Culture: le Feu des Ancêtres
Au Burkina Faso, la Journée des coutumes et traditions du 15 mai ne se résume pas à une simple célébration culturelle. Elle devient un voyage vivant dans la mémoire des peuples, un retour aux racines où savoirs anciens et identité collective se rencontrent. Au Musée national de Ouagadougou, le passé reprend souffle à travers les flammes des fourneaux ancestraux et les gestes précis des maîtres forgerons.
Sous l’ombre paisible des grands arbres, des artisans venus de plusieurs régions du pays redonnent vie à une pratique vieille de plusieurs siècles : la réduction traditionnelle du fer. Entre le charbon de bois, le minerai et les imposantes constructions en terre battue, le site ressemble à un véritable laboratoire du temps. Chaque geste exécuté raconte une histoire, chaque étincelle rappelle l’ingéniosité des ancêtres africains.
Au cœur de cette transmission se distingue Pingdwendé Gérard Kientega, connu sous le nom de KPG. Artiste, conteur, musicien, mais surtout chef forgeron et gardien d’un héritage précieux, il rappelle que la forge dépasse largement le simple travail du métal. Dans la société traditionnelle, le forgeron était un homme de savoir et de sagesse, un médiateur capable de réconcilier les hommes et d’interpréter les forces de la nature.

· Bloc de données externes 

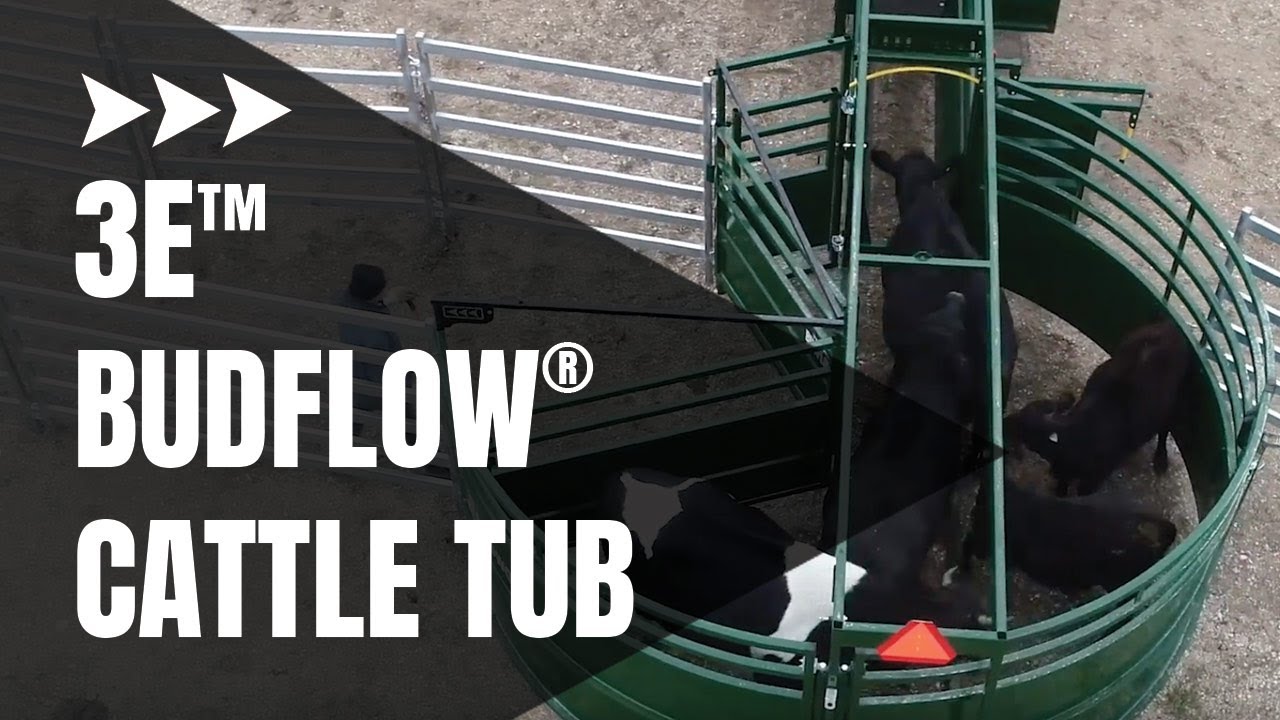 Cattle Tubs Budflow Cattle Crowding Tubs For Cattle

Longtemps considéré uniquement comme fabricant d’outils, le forgeron occupait pourtant une place centrale dans l’organisation des communautés africaines. Il façonnait les instruments agricoles, les armes de chasse, les bijoux et les symboles du pouvoir. Mais derrière le marteau et l’enclume se cachait aussi une profonde philosophie de vie. La maîtrise du feu, du métal et des éléments exigeait patience, intelligence, observation et spiritualité.

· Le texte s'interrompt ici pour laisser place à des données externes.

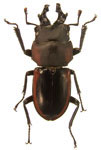 Onorelucanus incredibilis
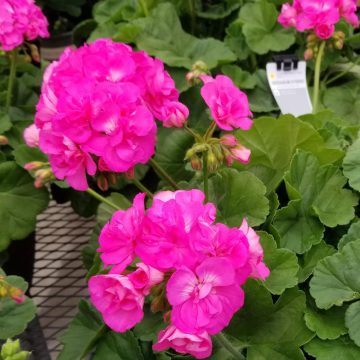 Geranium Calliope® Large Pink- 10"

Cette démonstration au Musée national rappelle une vérité souvent oubliée : l’Afrique ancienne possédait déjà des connaissances techniques avancées bien avant l’industrialisation moderne. Les anciens savaient transformer la matière brute grâce à des procédés complexes transmis de génération en génération. Leur science reposait sur l’expérience, l’observation de la nature et une parfaite harmonie entre l’homme et son environnement.
À travers cette initiative, les forgerons burkinabè ne cherchent pas seulement à préserver un métier. Ils défendent une mémoire, une identité et une vision du monde. Dans un contexte où les traditions risquent parfois de disparaître face à la modernité, cette célébration apparaît comme un acte de transmission et de résistance culturelle.
Le feu qui brûle dans les anciens fourneaux n’éclaire donc pas uniquement le métal. Il éclaire aussi l’histoire d’un peuple, la richesse de ses savoirs et la fierté de son héritage.